I also ran the detector on the class images. For the CS 4996 class, it mostly detects people in the front rows and fails to detect people in the back row. This is probably because the faces in the back are too small to detect. For the CS 143 easy image, it again detects people in the front but not in the back of the class. For the hard image, the SVM has a really difficult time finding heads, only detecting those that are mostly unobscured.

Extra credit: Hard negative mining

I also implemented hard negative mining. After training the classifier with a small number of negative examples, I loop over every negative training image and extract patches that score above the the classifier threshold. Afterwards, those negative features are added to the smaller set of negative features to train a more robust classifier.

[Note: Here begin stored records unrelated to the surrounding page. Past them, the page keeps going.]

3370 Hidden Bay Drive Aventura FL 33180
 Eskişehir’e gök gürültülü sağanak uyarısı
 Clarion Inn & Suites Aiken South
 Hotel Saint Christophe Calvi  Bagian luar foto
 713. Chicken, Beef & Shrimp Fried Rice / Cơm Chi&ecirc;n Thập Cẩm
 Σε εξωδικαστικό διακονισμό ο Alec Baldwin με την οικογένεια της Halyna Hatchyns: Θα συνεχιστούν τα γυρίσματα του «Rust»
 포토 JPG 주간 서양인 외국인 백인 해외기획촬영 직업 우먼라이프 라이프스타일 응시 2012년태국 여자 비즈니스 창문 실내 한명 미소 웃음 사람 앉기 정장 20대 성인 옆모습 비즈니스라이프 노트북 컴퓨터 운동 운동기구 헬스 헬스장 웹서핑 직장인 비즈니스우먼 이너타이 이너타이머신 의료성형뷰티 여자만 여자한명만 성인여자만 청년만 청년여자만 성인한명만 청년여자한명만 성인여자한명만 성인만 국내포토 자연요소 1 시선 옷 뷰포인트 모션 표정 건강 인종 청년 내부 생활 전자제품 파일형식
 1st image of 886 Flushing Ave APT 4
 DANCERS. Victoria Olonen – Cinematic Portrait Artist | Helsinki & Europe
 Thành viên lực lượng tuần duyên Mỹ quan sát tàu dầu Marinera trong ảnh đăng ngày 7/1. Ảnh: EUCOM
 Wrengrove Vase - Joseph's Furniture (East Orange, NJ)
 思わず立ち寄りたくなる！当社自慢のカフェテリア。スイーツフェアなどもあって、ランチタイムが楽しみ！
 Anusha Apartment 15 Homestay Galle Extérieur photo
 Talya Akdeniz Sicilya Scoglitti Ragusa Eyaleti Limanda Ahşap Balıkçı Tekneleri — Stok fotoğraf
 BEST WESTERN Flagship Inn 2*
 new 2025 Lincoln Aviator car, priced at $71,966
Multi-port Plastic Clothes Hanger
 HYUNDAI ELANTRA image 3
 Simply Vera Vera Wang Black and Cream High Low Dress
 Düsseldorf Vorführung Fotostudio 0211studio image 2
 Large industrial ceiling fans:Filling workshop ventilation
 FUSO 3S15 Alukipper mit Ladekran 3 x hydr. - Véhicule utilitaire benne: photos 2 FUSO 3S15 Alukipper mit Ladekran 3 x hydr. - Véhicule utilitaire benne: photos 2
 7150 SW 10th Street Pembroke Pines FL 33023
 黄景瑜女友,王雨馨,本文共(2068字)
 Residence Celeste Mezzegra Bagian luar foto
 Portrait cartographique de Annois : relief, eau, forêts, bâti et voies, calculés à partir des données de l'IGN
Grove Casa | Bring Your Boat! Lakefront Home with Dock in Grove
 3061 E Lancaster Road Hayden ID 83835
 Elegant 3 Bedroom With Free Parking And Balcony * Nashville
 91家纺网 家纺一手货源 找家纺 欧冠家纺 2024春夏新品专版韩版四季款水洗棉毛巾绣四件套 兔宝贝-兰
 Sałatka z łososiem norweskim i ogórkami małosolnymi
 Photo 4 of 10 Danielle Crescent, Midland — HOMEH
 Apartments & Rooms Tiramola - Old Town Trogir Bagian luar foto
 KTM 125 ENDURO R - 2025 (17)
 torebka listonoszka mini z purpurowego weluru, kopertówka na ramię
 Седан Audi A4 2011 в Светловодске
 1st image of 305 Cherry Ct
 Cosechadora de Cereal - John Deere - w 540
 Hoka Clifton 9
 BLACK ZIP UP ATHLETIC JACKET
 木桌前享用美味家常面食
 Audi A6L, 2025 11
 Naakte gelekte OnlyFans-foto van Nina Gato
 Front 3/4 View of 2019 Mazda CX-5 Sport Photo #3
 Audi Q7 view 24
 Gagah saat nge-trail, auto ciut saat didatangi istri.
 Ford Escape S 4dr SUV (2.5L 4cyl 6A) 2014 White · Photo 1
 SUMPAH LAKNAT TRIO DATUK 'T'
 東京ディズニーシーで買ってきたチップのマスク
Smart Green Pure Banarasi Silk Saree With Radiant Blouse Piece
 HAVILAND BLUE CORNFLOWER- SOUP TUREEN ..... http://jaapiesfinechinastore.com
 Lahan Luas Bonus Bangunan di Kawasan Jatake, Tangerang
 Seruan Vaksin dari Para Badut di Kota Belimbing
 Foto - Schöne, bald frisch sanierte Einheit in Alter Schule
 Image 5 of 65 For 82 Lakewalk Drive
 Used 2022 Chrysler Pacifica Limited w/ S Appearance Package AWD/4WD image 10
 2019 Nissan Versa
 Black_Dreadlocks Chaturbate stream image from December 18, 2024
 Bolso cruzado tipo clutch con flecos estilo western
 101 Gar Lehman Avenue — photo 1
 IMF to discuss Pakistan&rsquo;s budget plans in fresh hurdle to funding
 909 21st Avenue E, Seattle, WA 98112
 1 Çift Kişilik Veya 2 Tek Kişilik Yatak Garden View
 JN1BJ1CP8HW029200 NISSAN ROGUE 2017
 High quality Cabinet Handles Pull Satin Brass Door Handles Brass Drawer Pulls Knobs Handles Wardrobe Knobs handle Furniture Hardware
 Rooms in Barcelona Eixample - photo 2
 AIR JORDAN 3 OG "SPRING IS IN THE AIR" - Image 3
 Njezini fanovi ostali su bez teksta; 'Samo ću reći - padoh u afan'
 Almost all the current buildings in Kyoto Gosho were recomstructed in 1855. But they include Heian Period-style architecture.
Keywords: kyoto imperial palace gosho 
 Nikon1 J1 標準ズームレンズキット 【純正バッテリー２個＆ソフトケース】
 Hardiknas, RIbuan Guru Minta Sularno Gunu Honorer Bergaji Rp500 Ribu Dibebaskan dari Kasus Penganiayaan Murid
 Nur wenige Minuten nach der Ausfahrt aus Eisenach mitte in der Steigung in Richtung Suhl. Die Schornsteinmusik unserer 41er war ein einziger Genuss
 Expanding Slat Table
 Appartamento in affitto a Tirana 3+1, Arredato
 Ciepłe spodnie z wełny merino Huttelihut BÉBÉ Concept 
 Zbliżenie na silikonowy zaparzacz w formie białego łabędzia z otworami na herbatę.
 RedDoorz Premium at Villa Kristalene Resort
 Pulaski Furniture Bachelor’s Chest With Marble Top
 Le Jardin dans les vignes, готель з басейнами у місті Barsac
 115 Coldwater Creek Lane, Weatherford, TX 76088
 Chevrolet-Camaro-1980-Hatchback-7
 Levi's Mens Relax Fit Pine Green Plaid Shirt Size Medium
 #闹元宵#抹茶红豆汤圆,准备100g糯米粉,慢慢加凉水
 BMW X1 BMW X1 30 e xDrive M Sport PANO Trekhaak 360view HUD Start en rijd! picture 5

function features_hard_neg = get_hard_negative_features(non_face_scn_path, ...
    classifier, feature_params, detection_params)

[bboxes, confidences, image_ids] = run_detector(non_face_scn_path, ...
    classifier, feature_params, detection_params);
bboxes = round(bboxes);

template_size = feature_params.template_size;
hog_cell_size = feature_params.hog_cell_size;

feature_dim = (template_size / hog_cell_size)^2 * 31;
num_negative = length(confidences);
features_hard_neg = zeros(num_negative, feature_dim);
for i = 1:num_negative
    x_min = bboxes(i,1);
    y_min = bboxes(i,2);
    x_max = bboxes(i,3);
    y_max = bboxes(i,4);
    
    img_full = rgb2gray(imread(fullfile(non_face_scn_path, image_ids{i})));
    
    if x_min < 1 || y_min < 1 || x_max > size(img_full, 2) || y_max > size(img_full, 1)
        continue;
    end
    
    img_patch = imresize(img_full(y_min:y_max, x_min:x_max), ...
        [template_size, template_size]);
    img_patch = single(img_patch)/255;
   
    hog = vl_hog(img_patch, hog_cell_size);
    features_hard_neg(i,:) = hog(:);
end

end

Before hard negative mining, I train the SVM with all the positive examples and 5,000 random negative examples. After running hard negative mining, I extract 13,520 additional hard negative examples. However, even adding these examples don't affect the SVM's performance much. The recall-precision curve at the left corresponds to the SVM trained with only 5,000 examples while the one on the right corresponds to the SVM trained with both the 5,000 negative examples and the hard negative examples. Both curves look quite identical, implying that face detection with a linear classifier only requires a small number of random negative examples rather than "difficult" negative examples.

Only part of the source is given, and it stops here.